Unfortunately, Sonic hasn’t had the greatest success since moving over to the realms of 3D back in the early 2000s. Sure, there were some games I remember enjoying, such as the Sonic Adventure series, but looking back on them can be a pretty depressing experience sometimes. 

Now here we are in 2022 and we’re about to do something we’ve never seen the blue blur go through before: an open-world game. In the last month, we’ve seen quite a bit of gameplay from Sonic Frontiers, and I would be lying if I said I didn’t have concerns.

Our Concerns About Sonic Frontiers

Why open world?

Breath of the Wild really had a lasting impression on open-world RPGs eh? I’m joking, of course; there were many open-world RPGs that came before it — indeed, the RPG genre is one most suited to open-world gameplay — however, you can’t deny that Breath of the Wild had quite the impact on gaming in general.

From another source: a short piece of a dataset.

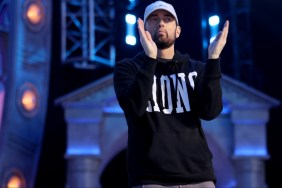 Eminem Slim Shady Marshall Mathers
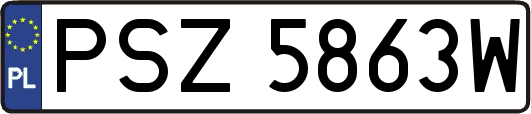 PSZ5863W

Breath of the Wild showed how purposeful an open world can be; everywhere you looked, there was something that had a reason to be there, and the tools you had at your disposal gave you a ton of freedom. You see a camp of enemies, sure, you could just run in sword-a-swinging and throw caution to the wind as you take them all on at the same time. Or maybe you could take advantage of that boulder over there by blasting it into the camp at rocket speed using your time-stop power. 

Now let’s get back to Sonic Frontiers, a game where our focal character’s whole thing is moving fast. My kneejerk response was that Sonic and open world aren’t something that should ever be mixed together. One of the most important things in a Sonic game — the thing that has always made the games feel good in both 2D and 3D — was careful level design.

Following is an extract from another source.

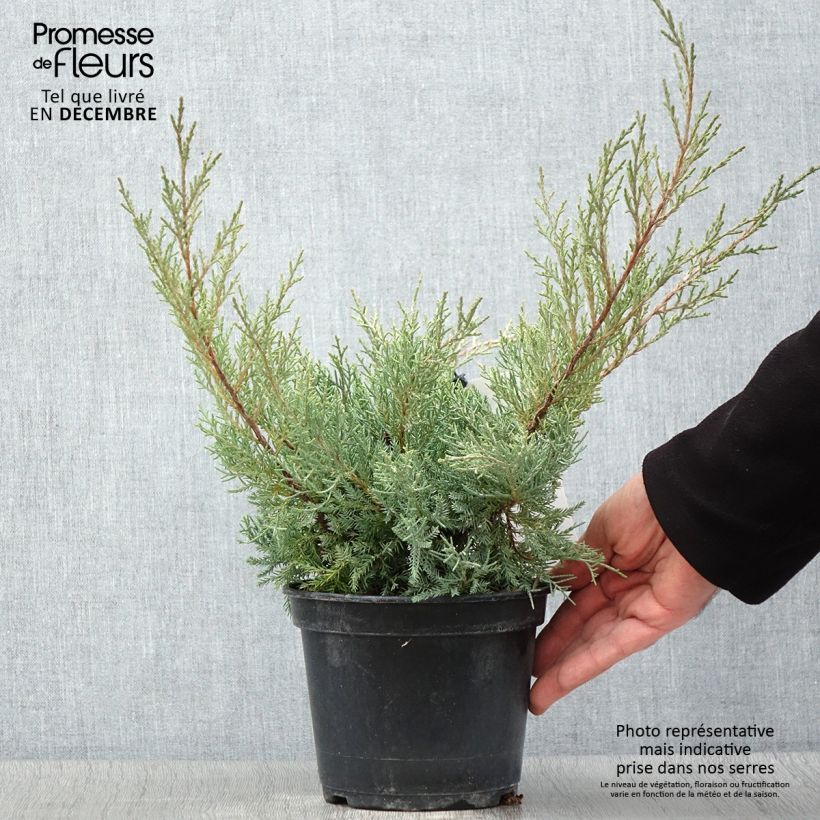 Amostra de Juniperus pfitzeriana Glauca Vaso de 2 L/3 L tal como entregue no outono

Sonic Generations was probably my favourite Sonic game since his 3D debut, and it’s because the levels felt so carefully crafted and designed with the sole intent of a character moving through them at breakneck speeds. I will happily eat my words if this isn’t the case for Sonic Frontiers, but I just can’t imagine an open-world terrain working in a Sonic title. 

Sonic Frontiers

The lack of Sonic aesthetics

One of the biggest issues I have with Sonic Frontiers is the overall aesthetic. Sonic games are known for levels like Green Hill, Chemical Plant Zone, Casino Night Zone: vibrant and beautiful levels full of life and colour. So why on Earth does this game look like someone just plonked Sonic into a world made by Bethesda? If they were dead set on making the game open world, surely going with a world that looks like Sonic fits in would have been a better idea.

What makes this choice even more bizarre is all of the speed boost pads, jump pads, and grind rails that are just randomly dotted around Sonic Frontiers’ world completely clash with the realistic look that they’ve opted to go with. Again, I don’t think this problem would even exist if they had just decided to create a huge expansive version of something like Green Hill Zone rather than Skyrim — though since the initial reveal we have, at least, seen that there will be some return to classic form through the “Cyber Space” stages, both in terms of linear stage design and aesthetic. 

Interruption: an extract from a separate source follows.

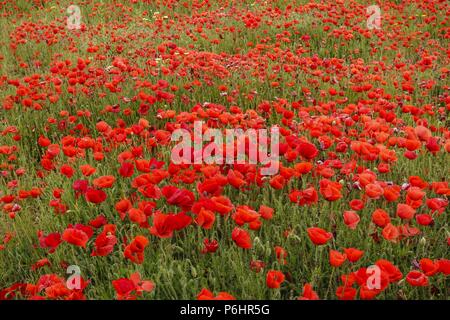Papaver rhoeas, amapola silvestre, Porreres, Mallorca, Islas Baleares, Espagne. Banque D'Images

Next up is the enemy design, and I can’t help but feel like the enemies we’ve seen from the Sonic Frontiers trailers so far just look like random shapes with zero personality to them. When I think of random jobber enemies from Sonic games, I picture the angry robot piranhas or the goofy-looking wasps. While you only see them for a second and then forget them, they had colour and were certainly more memorable than the geometric baddies that Frontiers seems to be sporting. 

One of the trailers also showed off something that reminded me a little bit of the large guardians from Breath of the Wild, and while it definitely looked quite cool at first, it looks like it could get quite repetitive. The fight is against a huge enemy with three arms which Sonic needs to run up and then destroy three weak points on the enemy’s head.

As I was watching the fight against this enemy, it suddenly dawned on me that this enemy almost looked like it was designed specifically to be defeated by our favourite fast hedgehog. I get that it’s an enemy in a Sonic game, but it has ramps for arms and even shoots out rings that speed Sonic up. Could well be fun once — but what happens if you encounter more over the course of the game?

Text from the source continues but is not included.